No pictures go into the copy. Write out exactly the lines below from the one containing "Die Vase mit Pfingstrosen Die" through the one containing "Sandberg Commander Gaming".

_Given entries_:
##########
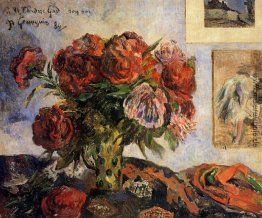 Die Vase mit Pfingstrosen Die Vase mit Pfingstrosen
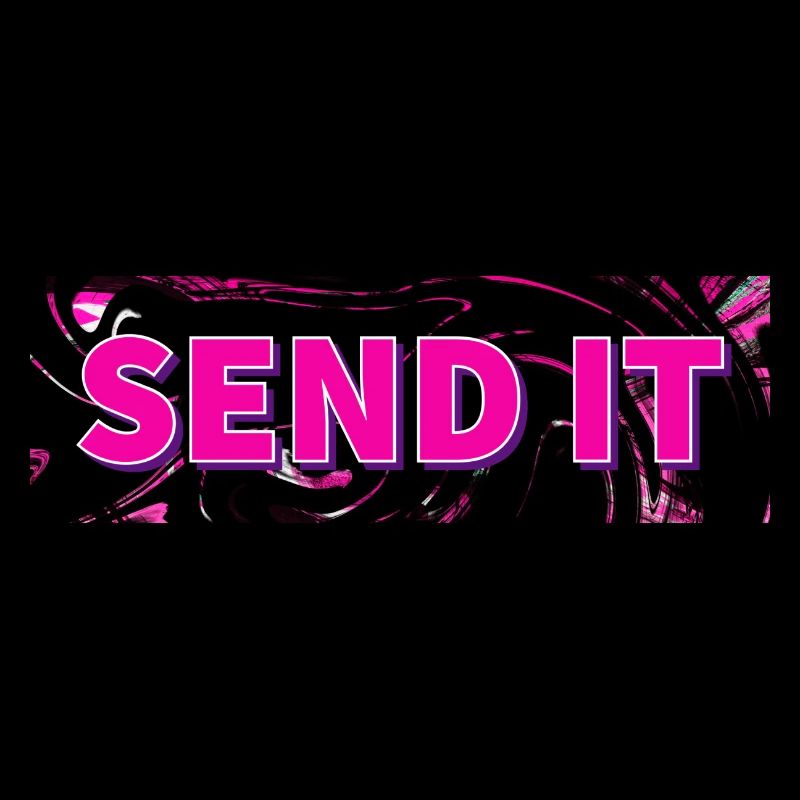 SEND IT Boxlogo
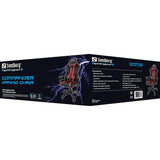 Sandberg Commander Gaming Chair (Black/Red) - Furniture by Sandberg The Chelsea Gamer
##########
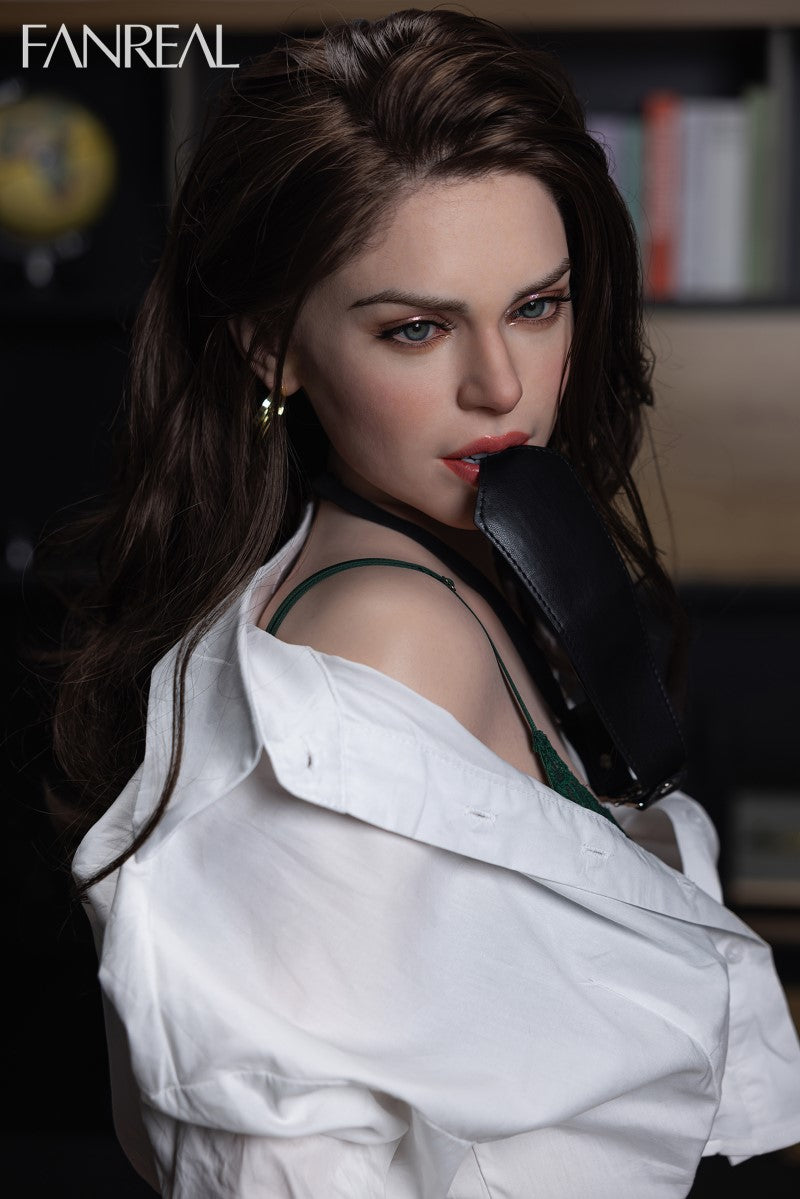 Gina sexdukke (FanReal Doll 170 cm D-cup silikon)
##########
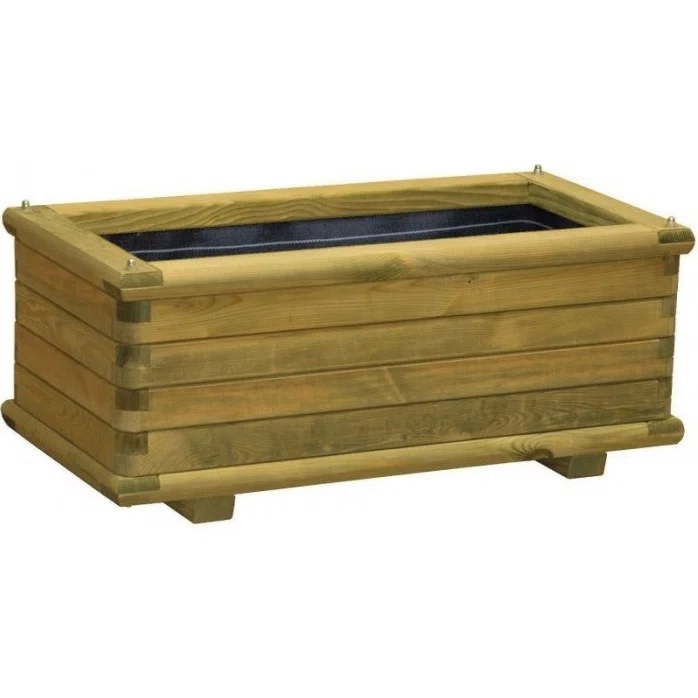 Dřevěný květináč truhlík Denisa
##########
_Answer for this exercise_:
 Die Vase mit Pfingstrosen Die Vase mit Pfingstrosen
 SEND IT Boxlogo
 Sandberg Commander Gaming Chair (Black/Red) - Furniture by Sandberg The Chelsea Gamer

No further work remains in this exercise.